=== Section Start ===
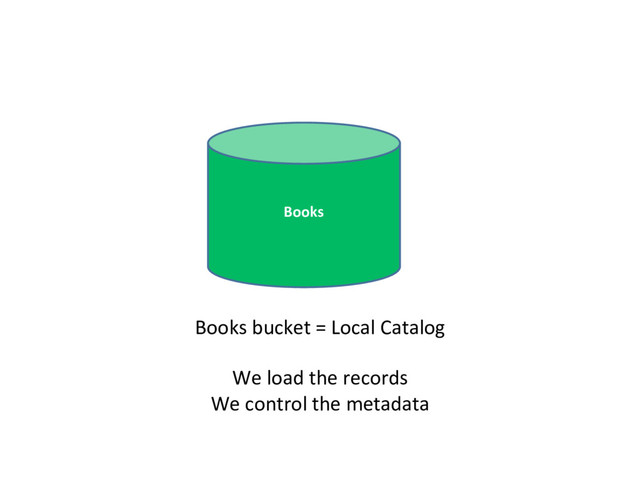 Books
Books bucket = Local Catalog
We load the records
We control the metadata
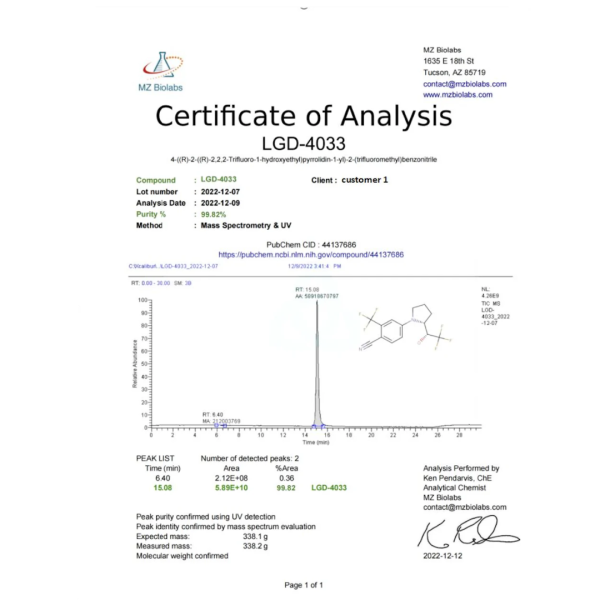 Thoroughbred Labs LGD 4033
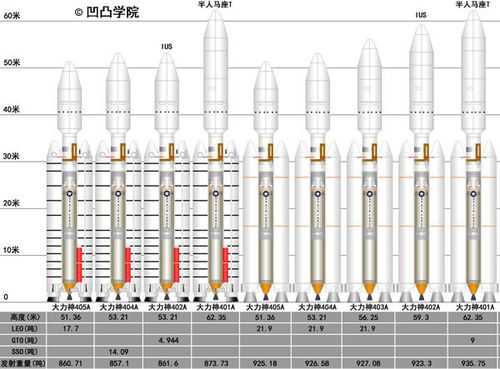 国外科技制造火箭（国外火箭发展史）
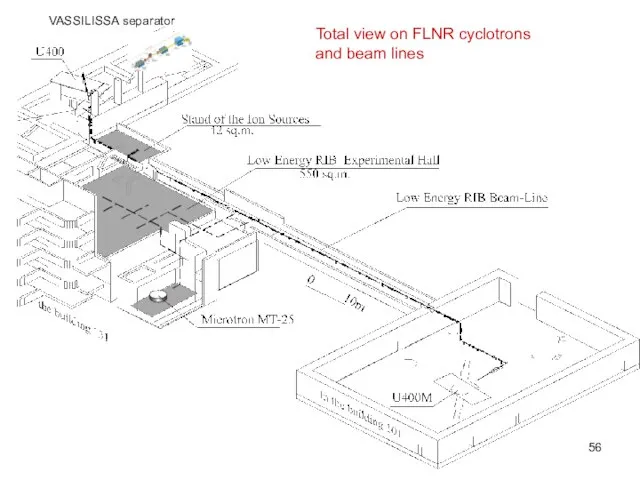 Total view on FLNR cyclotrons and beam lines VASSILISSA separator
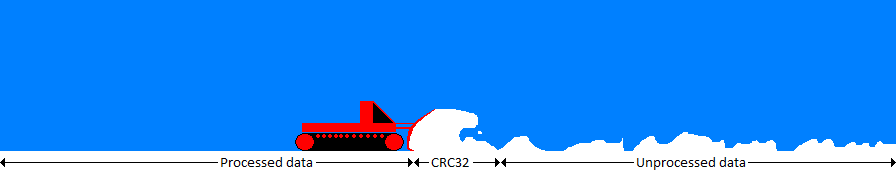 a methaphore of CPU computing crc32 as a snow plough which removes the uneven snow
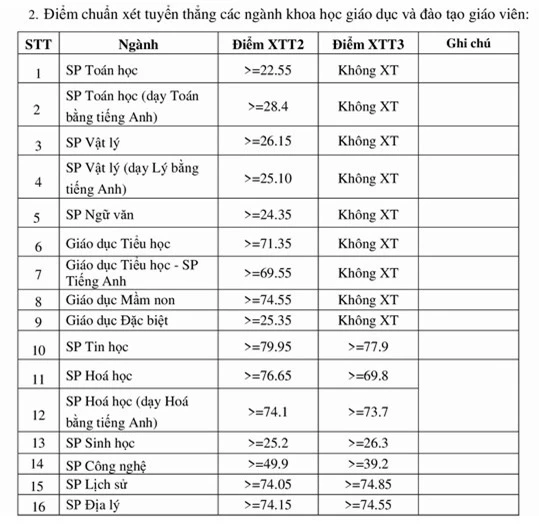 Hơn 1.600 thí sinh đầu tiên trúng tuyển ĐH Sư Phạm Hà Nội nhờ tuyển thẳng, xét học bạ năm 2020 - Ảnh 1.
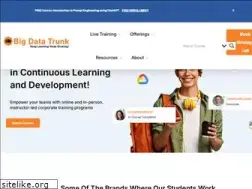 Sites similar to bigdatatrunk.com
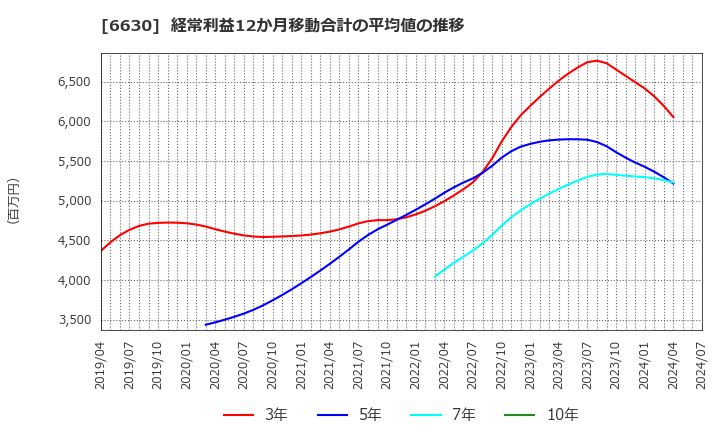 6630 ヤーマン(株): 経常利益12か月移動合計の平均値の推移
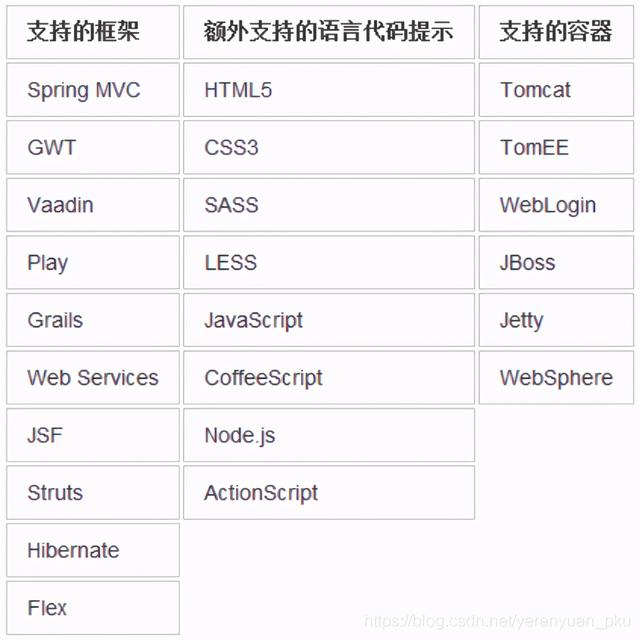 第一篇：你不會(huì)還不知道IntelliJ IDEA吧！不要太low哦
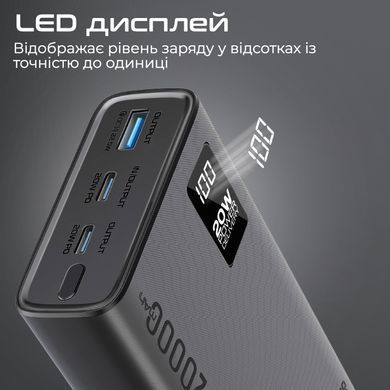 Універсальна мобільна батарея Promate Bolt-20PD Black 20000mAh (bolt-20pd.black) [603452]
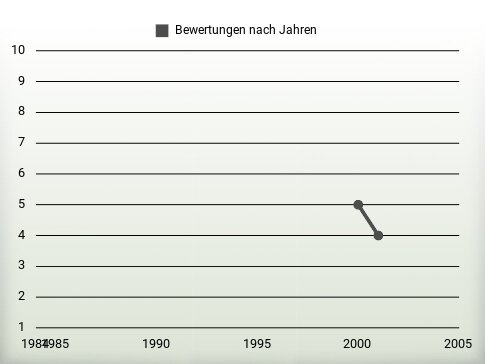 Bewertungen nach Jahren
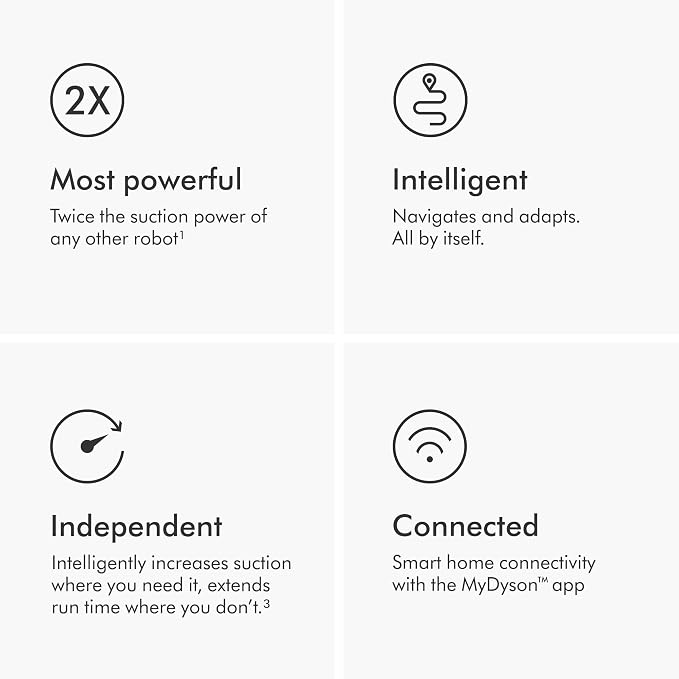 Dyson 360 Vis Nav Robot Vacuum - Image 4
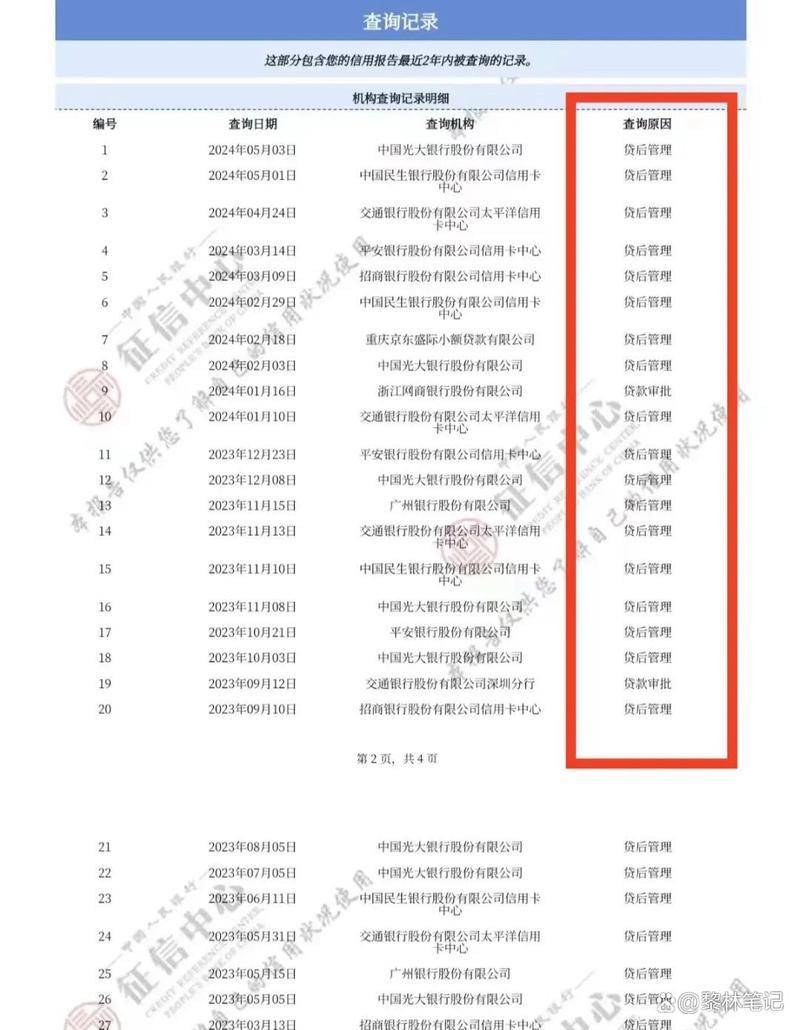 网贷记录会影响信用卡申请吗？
=== Section End ===
* Exercise details
Restate word for word, please, the line containing "第一篇：你不會(huì)還不知道IntelliJ IDEA吧！不要太low哦" and all lines after it through the end of the material; the pictures do not belong in the copy.

* Answer for the task
 第一篇：你不會(huì)還不知道IntelliJ IDEA吧！不要太low哦
 Універсальна мобільна батарея Promate Bolt-20PD Black 20000mAh (bolt-20pd.black) [603452]
 Bewertungen nach Jahren
 Dyson 360 Vis Nav Robot Vacuum - Image 4
 网贷记录会影响信用卡申请吗？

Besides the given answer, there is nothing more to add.